This paper has attempted to recalibrate ideas about the newness and distinctiveness of the Society of Jesus by focusing on Jesuit administration and record management. As it turns out, the Jesuits were just as often adapting existing practices as they were inventing new ones. Our discussion clearly shows the Jesuits to be receptive observers of what was going on around them. They seem to have been especially apt at repurposing existing and well-tested routines to their own goals, in the process making any number of adjustments, thus harnessing broader trends for their specific needs. The sensible question to ask is not whether the result was “new” or not, whether Jesuit administration amounted to a “change” (or even a “revolution”) in the history of religious life. Rather, historians should historicize the experience and practice of the premodern Jesuits by highlighting that they, just like every human being and organization, accommodated existing social practices while trying to live-up to their self-declared goals in life. There certainly was great uniqueness in the way the Jesuits built an administrative life out of the existing possibilities, even though it is also clear that this was, to a large degree, as much a bricolage of existing features as a creatio ex nihilo.

 

 

Notes

[1] See Robert Aleksander Maryks, ed., Exploring Jesuit Distinctiveness: Interdisciplinary Perspectives on Ways of Proceeding within the Society of Jesus, Jesuit Studies 6 (Leiden: Brill, 2016). See also, directly relating to this volume, John W. O’Malley, “The Distinctiveness of the Society of Jesus,” Journal of Jesuit Studies 3, no. 1 (2016): 1–16.

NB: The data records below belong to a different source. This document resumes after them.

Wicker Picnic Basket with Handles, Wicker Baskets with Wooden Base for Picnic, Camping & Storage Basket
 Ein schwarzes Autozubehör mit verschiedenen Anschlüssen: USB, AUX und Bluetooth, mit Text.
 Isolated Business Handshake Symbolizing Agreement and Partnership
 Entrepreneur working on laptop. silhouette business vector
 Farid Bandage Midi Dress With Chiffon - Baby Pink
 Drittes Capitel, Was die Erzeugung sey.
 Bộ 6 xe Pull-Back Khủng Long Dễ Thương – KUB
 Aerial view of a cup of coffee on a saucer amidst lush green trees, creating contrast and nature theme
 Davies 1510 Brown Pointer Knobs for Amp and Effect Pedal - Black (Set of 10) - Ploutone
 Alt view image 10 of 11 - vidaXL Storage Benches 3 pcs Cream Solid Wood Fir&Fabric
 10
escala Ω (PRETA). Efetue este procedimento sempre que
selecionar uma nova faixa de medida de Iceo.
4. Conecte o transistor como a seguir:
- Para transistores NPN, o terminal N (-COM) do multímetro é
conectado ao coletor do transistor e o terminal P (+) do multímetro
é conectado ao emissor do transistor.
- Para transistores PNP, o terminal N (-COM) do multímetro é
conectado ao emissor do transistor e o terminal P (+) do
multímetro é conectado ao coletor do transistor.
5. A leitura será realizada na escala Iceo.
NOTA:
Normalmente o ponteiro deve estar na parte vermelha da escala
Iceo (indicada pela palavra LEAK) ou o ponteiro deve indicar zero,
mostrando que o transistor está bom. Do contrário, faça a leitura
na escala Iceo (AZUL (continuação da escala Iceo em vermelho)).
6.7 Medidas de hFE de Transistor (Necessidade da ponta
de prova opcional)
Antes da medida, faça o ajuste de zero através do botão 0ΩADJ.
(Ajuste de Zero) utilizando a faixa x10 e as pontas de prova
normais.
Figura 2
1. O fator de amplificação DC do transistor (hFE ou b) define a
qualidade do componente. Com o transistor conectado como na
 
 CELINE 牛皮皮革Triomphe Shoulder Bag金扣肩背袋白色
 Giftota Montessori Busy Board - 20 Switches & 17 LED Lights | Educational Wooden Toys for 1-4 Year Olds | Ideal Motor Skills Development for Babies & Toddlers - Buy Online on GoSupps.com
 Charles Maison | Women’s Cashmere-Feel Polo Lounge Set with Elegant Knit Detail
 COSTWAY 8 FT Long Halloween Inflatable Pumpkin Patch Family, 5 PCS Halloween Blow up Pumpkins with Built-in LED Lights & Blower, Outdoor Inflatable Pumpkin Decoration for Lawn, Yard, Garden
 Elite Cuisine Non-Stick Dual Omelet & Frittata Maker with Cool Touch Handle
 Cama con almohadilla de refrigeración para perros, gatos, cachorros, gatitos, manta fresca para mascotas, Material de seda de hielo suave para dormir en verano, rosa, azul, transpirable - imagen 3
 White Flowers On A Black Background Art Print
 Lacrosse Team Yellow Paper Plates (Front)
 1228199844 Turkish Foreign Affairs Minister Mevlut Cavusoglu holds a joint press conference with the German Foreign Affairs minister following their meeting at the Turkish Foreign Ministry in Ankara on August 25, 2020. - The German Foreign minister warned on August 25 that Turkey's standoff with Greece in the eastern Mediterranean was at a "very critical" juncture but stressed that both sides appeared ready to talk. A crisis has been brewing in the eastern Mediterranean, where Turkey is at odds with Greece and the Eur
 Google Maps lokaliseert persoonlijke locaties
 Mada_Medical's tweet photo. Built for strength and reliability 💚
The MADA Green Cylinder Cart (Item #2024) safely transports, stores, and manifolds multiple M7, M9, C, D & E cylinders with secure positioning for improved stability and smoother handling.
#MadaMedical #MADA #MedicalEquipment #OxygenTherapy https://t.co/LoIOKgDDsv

[2] A (rather rambling) meditation on the Jesuits between medieval and modern based on strong notions of modernization theory appears in A. Lynn Martin, The Jesuit Mind: The Mentality of an Elite in Early Modern France (Ithaca, NY: Cornell University Press, 1988), 229–34. On the medieval Martin Luther, see the foundational work by Heiko A. Oberman, Luther: Man between God and the Devil, trans. Eileen Walliser-Schwartzbart (London: HarperCollins, 1993), 50–82. A strong (over)statement of the medieval origins of Luther appears in Volker Leppin, Die fremde Reformation: Luthers mystische Wurzeln (Munich: C. H. Beck. 2016), esp. 11–35.

[3] On Jesuit sources, see, e.g., Flavio Rurale, “[…] lo sguardo o la mano del generale”: Problemi e prospettive di ricerca nell’Archivum Romanum Societatis Iesu,” in Gli archivi per la storia degli ordini religiosi, ed. Massimo Carlo Giannini and Matteo Sanfilippo (Viterbo: Sette Città, 2007), 93–110.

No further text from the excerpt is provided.